You can learn a lot about your content skills and readers by looking at data. Not just high level, like the time spent on your blog post (was it enough to read the entire article or just skim through it), but you can also get into detail. Using the acquisition funnel feature of Google Analytics for example, you can see where your blog places within the customer journey and see if the moment that people read your blogs correlates to actually buying your product. Another key metric to look out for is the demographic of your most enthusiastic readers, which helps you target an audience or adjust your tone of voice.
And my personal favorite, using Hotjar: monitoring on-screen behaviour to get an in-depth view of what people actually do on your site. You can understand which parts of your content are skimmed over, and which parts people engage with.
The possibilities are simply endless. Just think about what would be relevant to know, and measure it.

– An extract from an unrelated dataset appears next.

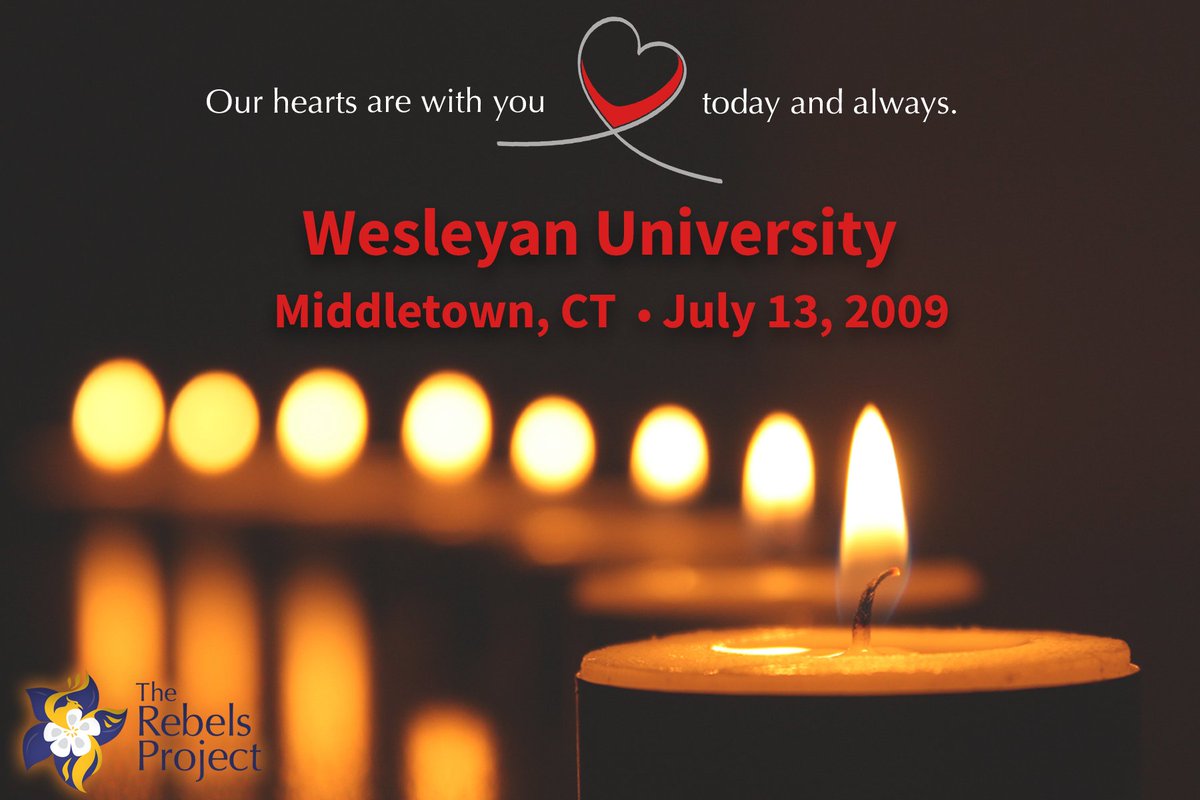 rebelsproject's tweet image. We honor the memory of those taken too soon and send love to all who were impacted by the Wesleyan University shooting 13 years ago today. #neverforget #therebelsproject #survivorsupport #massshootings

A wise writer once said: “If you want more people reading your content, you should have more people visiting your blog page”. Okay, I’ll admit it. It might be a bit straight-forward. But there are still a lot of writers out there that just put their content out there and wait. Waiting for that sudden, impossible to explain spike in traffic to happen. I’m here to tell you that you can take matters back into your own hand, by fetching the traffic your content deserves.

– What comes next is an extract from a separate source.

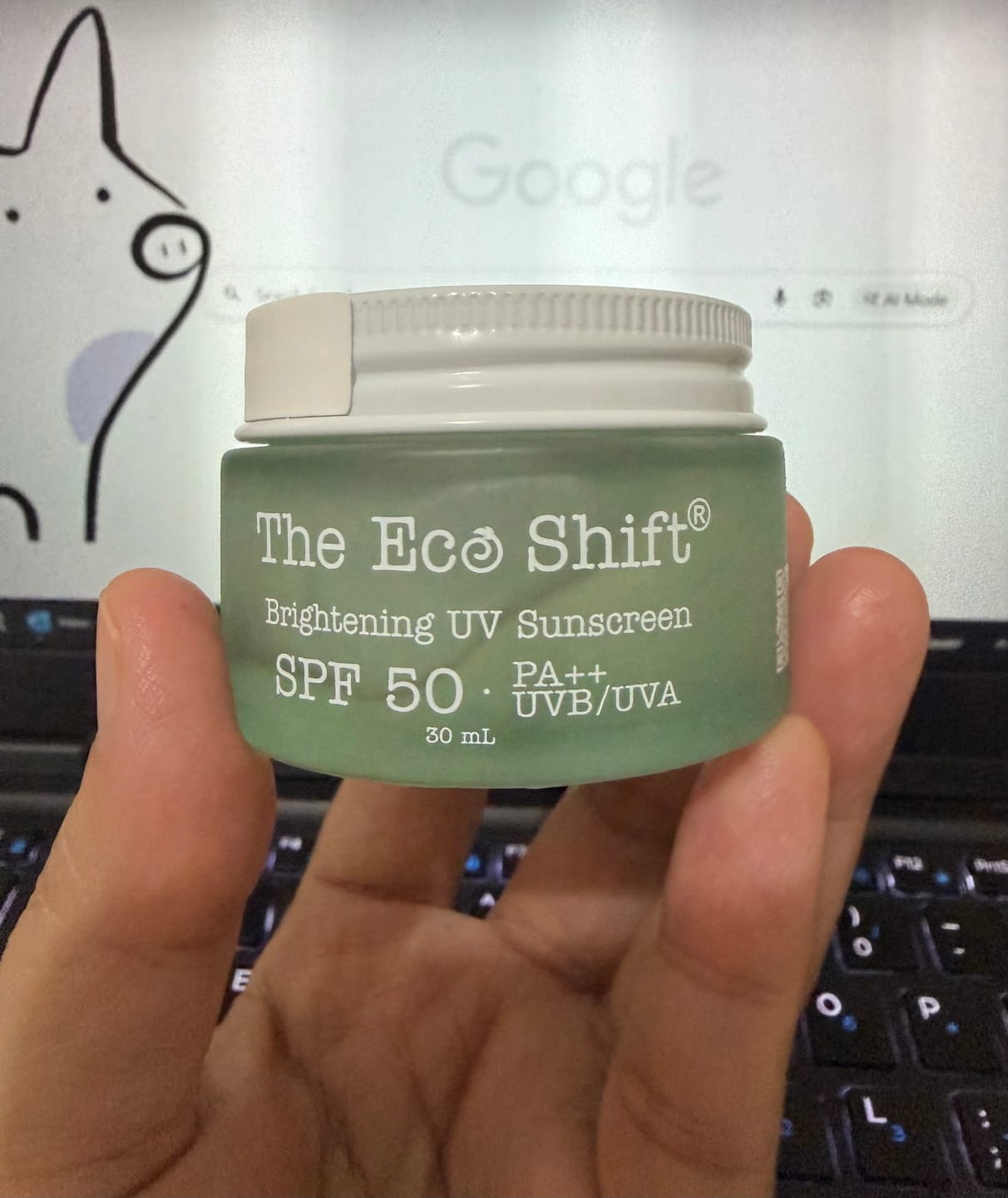 Customer photo review of Niacinamide + Glutathione Brightening & Age-Defying Soap 100g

This is a big one. The future of e-commerce will be, and I’m almost certain of that, without the need for a webshop. Instagram has already made the first move in that regard. Direct shopping, on the feed. Soon enough shopping experiences will be optimized to channels only, because the less steps a customer has to take to buy a product, the better the conversion rate.
I know it sounds a bit weird, but hear me out. Chances are that you are not converting all your blog readers into buying customers. And you can do CRO until the cows come home, but needing multiple clicks to order the product you’re reading about is still a big conversion killer. However, there is a solution for this. Lucky us.
When your customer is reading your blog, there is a specific moment where their buying intent is the highest it’ll ever be. And at that specific moment, they need to be able to convert. Trying to have them click to a product page will be a conversion killer, it needs to be done there and then. Within the blog. And that’s where Philyra comes in.
Philyra is a Shopify app that makes blogs shoppable. It allows the reader to directly purchase the product they’re reading about within the blog, through a pop-up that pops up when the reader is hovering over the product name. You basically get the best of both worlds: a consumer purchasing a product, who can then continue reading.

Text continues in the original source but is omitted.